Start Making Geometry!

Do you want to start off next school year teaching geometry with 3D prints, coding, or some other hands-on exploration?  Geometry, of all the branches of mathematics, is the one that is most easily visualized by making something. However, it is all too easy to reduce it to reams of formulas to memorize and proofs to replicate. Our book, MAKE: Geometry,  helps students learn key topics from middle- and high-school geometry by creating 3D prints and trying out other hands-on projects.  The book also teaches how to use the free CAD program OpenSCAD, which uses computer code to describe objects. This interactive workshop will introduce teachers and parents to OpenSCAD and the models in the book, and help them feel confident using the materials and expanding on them. No prior knowledge of OpenSCAD is required!

Rube Goldberg Contraptions in the Classroom. A Winning Combination

The name Rube Goldberg immediately conjures up images of fun, wacky contraptions that take a long path to a simple task.  Rube Goldberg was a cartoonist and an inspiration to millions, and his legacy lives on through competitions and challenges held around the world. Our June 2 Community Conversations will feature Jennifer George, Rube’s granddaughter, and the manager of the Rube Goldberg Institute.  She will talk about all things Rube and lead the conversation about the value of contraption building in education.  Bring your own stories and pictures and join the conversation.
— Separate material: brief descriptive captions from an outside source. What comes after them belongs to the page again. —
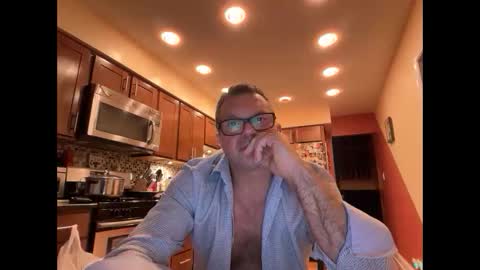 Snapshot of spike69old chatting on 4, 3, 2026 spike69old online show from 4, 3, 2026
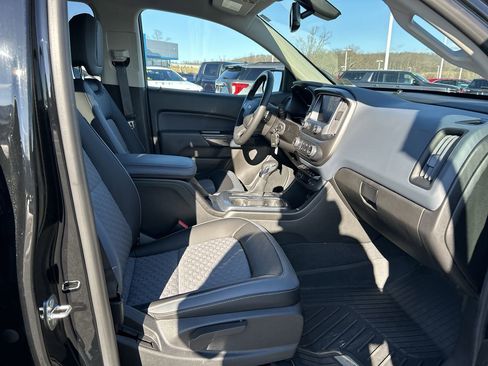 Used 2022 Chevrolet Colorado Z71 w/ Z71 Midnight Edition image 15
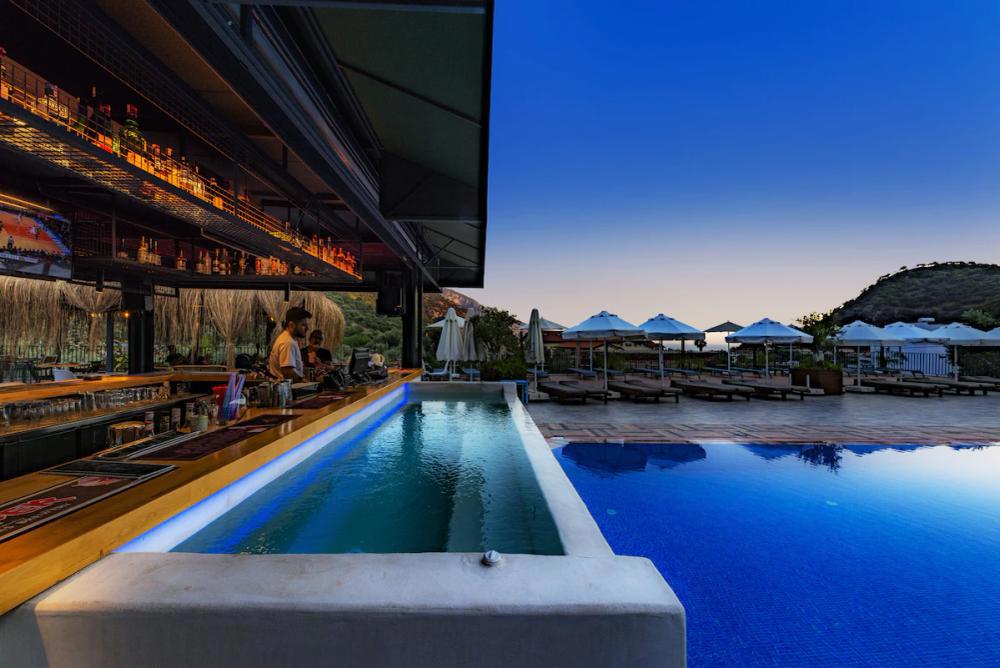 Morina Deluxe Hotel
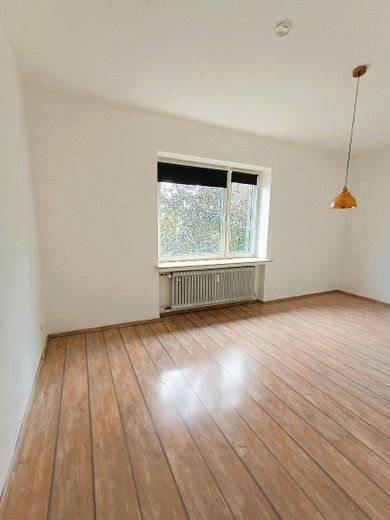 3 Zimmer Wohnung (76m²) in zentraler Lage - mit Balkon, Aufzug, Keller und Waschküche – Foto 4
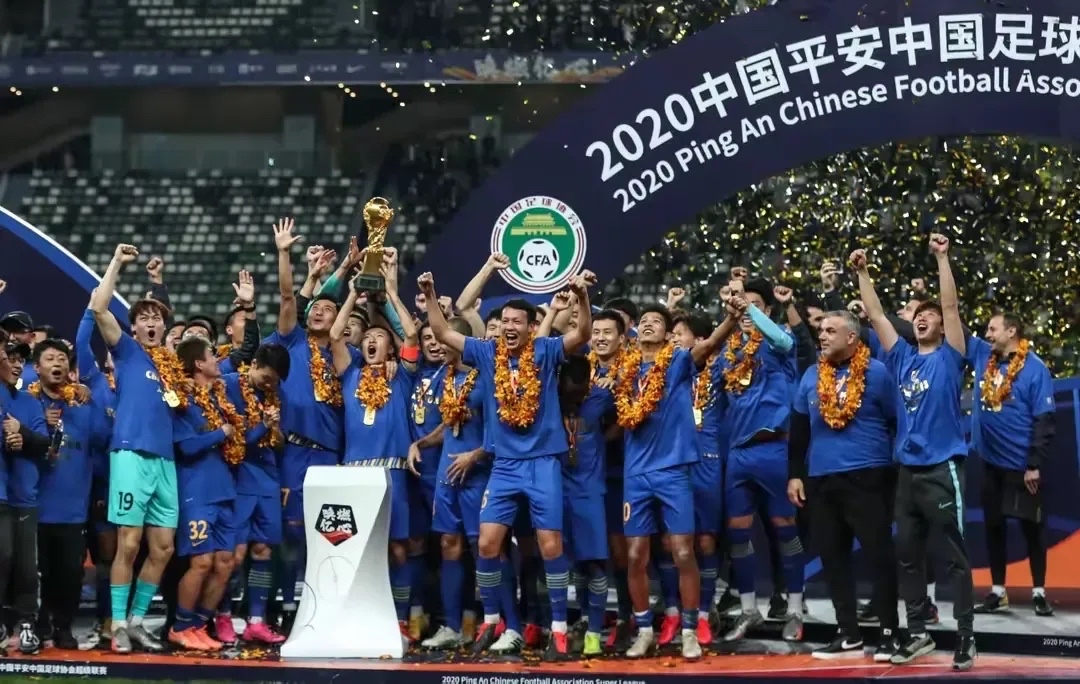 苏宁主场战平恒大，保持不败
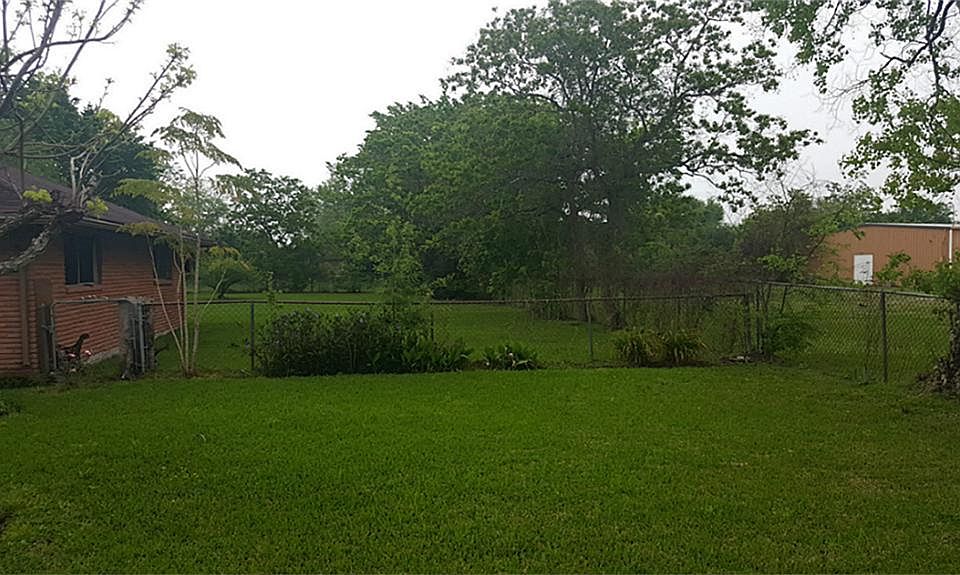 2nd image of 13829 Regg Dr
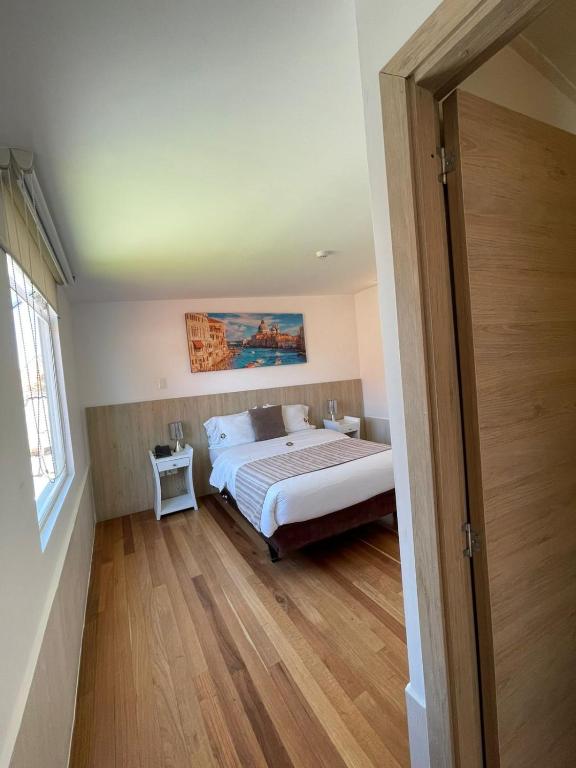 Postel nebo postele na pokoji v ubytování Casa Hotel Boyaca Real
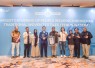 Menteri Ekonomi Kreatif/Kepala Badan Ekonomi Kreatif (Ekraf), Teuku Riefky Harsya, menerima Guinness World Record (GWR) dalam rangkaian kegiatan HUT ke-81 Kemerdekaan RI, Jakarta, Senin (17/8/2026).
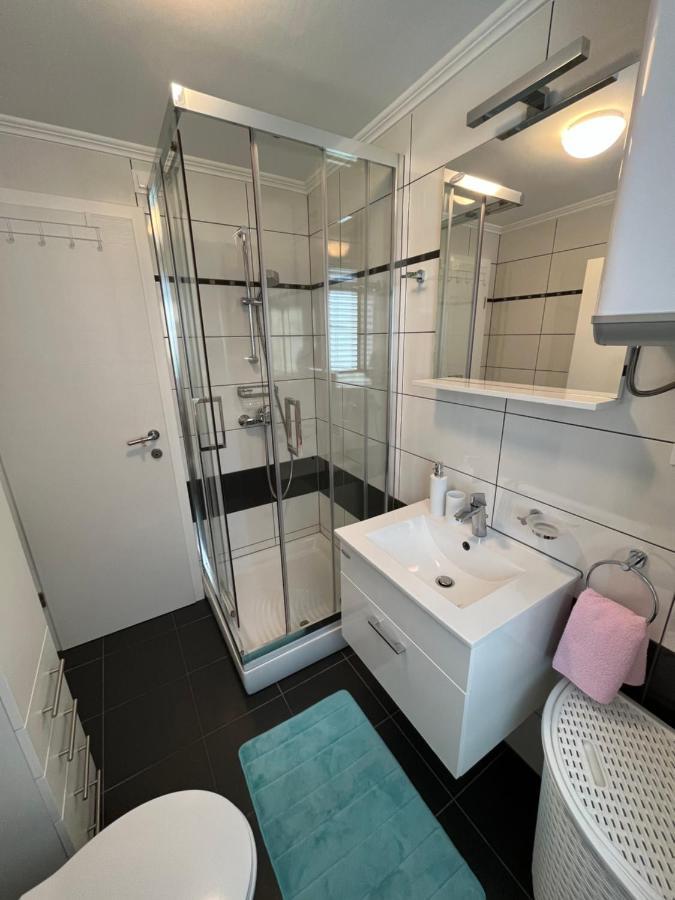 Apartmani Marina Crikvenica Bagian luar foto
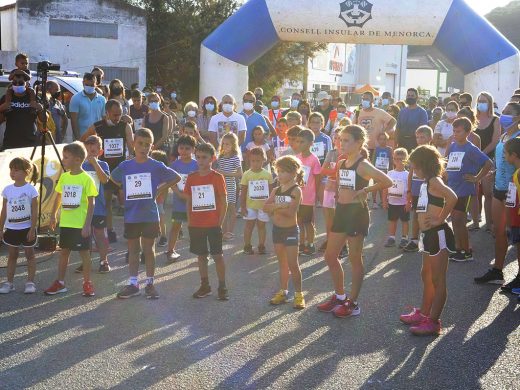 (Fotos) Joan Solé y Maria Pallicer triunfan también en las Curses Populars de Ferreries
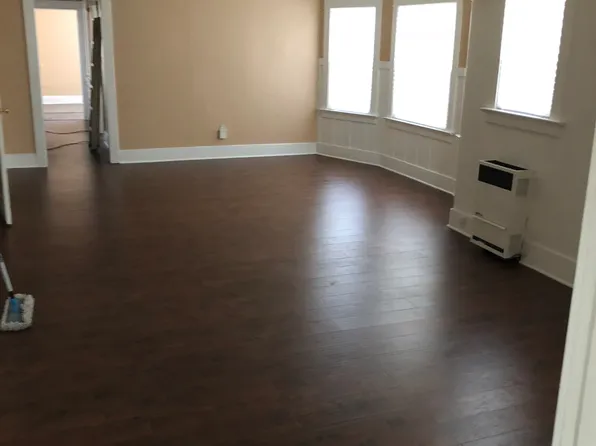 837 1/2 W 40th Pl #837-1/2, Los Angeles, CA 90037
Summer Enrichment Opportunities for Students and Educators

What summer maker activities are available that you can recommend to your students?  For yourself? How do you find fun summer adventures for your students and engaging professional development for yourself?  Join Community Conversations on May 5th for an engaging and interactive discussion about fabulous free resources that are available this summer for kids and educators.  Make: offers a free Maker Camp series that we will review, along with sharing some other wonderful resources that are available throughout the summer for your professional development and for your students' enrichment.  And as always we want to hear your ideas, questions and experiences.  Join us May 5th for a lively and important discussion about summer resources.
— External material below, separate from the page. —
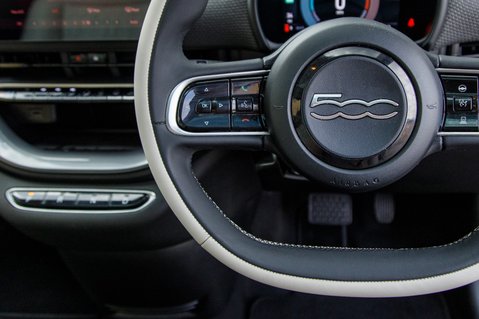 Fiat 500e LA PRIMA 20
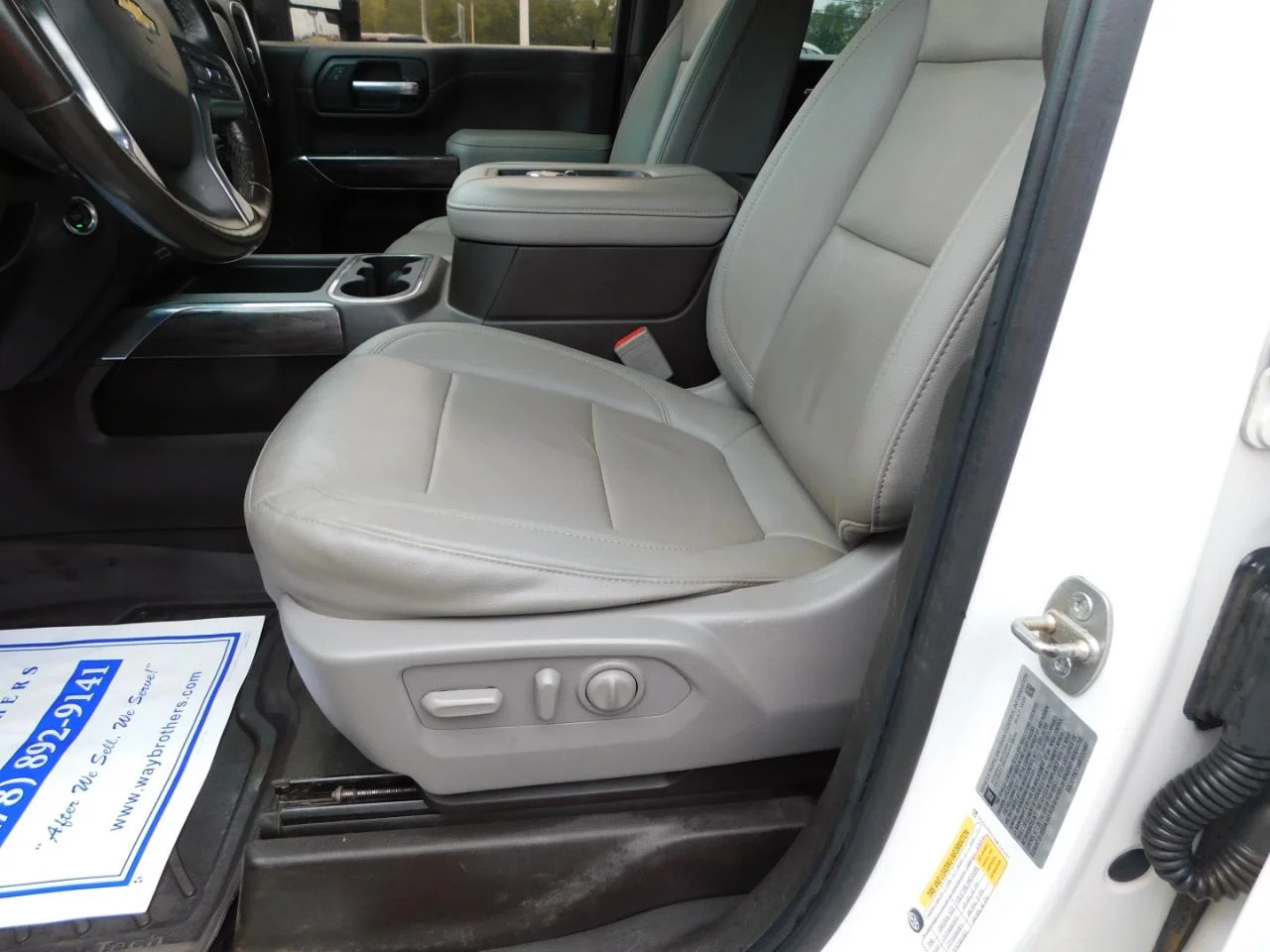 Used 2021 White Chevrolet 4WD CREW CAB 159 in LTZ image 33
Paper and Origami Circuits for Educators

Paper circuits are a classic makerspace activity, teaching basic electronics in a fun, creative way. But anyone who has hosted a paper circuit workshop knows that they can be tricky and challenging. Plus, what do you do for more advanced makers who have "been there, done that"? In this workshop, we'll present tried-and-true tips, techniques, tools, and troubleshooting that will make your paper circuit classes run more smoothly, with less waste and frustration. We'll also go beyond the basic card to explore origami circuits, advanced switches, and design projects to encourage your young makers to invent their own unique circuits. During the class, we'll work together on several hands-on projects that you can use in your programming including both series and parallel flat circuits, both a light-up and a motorized origami circuit, and a more complex circuit game project. We'll also discuss the pros and cons of various materials available for paper circuits, cover basic safety concerns, and share ideas for creating engaging, exciting paper circuit programs. Whether you're new to paper circuits or you've done dozens, you'll walk away with solid ideas you can implement in your classroom, camp, club, or library.

Cardboard Engineering for Educators

Cardboard is a common and inexpensive material that can be used in many ways for design and engineering. Because it's easy to cut, bend, manipulate and decorate, it's a perfect substance for prototyping and iterative hands-on projects. From this simple material, your students can build worlds. But how do you maximize that potential? That's what we'll discover together! Some of the topics we will cover with Cardboard Engineering include qualities of various cardboard materials (chipboard versus corrugated, for example), tools for working with cardboard (canary cutters, ZipSnips, laser cutters, etc.), educational cardboard products on the market, appropriate adhesives, joining techniques for strong construction, and safety considerations. We'll put this all to use in real-time as we work through sample projects so that you can explore the concepts as we discuss them. You will walk away with projects and lessons that you can implement in out-of-school spaces like camps or in the classroom throughout the year.

Make a Nano Theremin

Have you ever wanted to learning programming but didn't know where to start? Have you heard of Arduino, but you're not sure what you can make with it? Or do you have a kit, and you need some motivation? With this project, you'll take an Arduino Nano (or Uno), add a few simple components and a bit of well-commented code, and make a customizable theremin that lets you create sound according to how much light falls onto a sensor. In other words: you'll make a musical instrument you can play by waving your hand!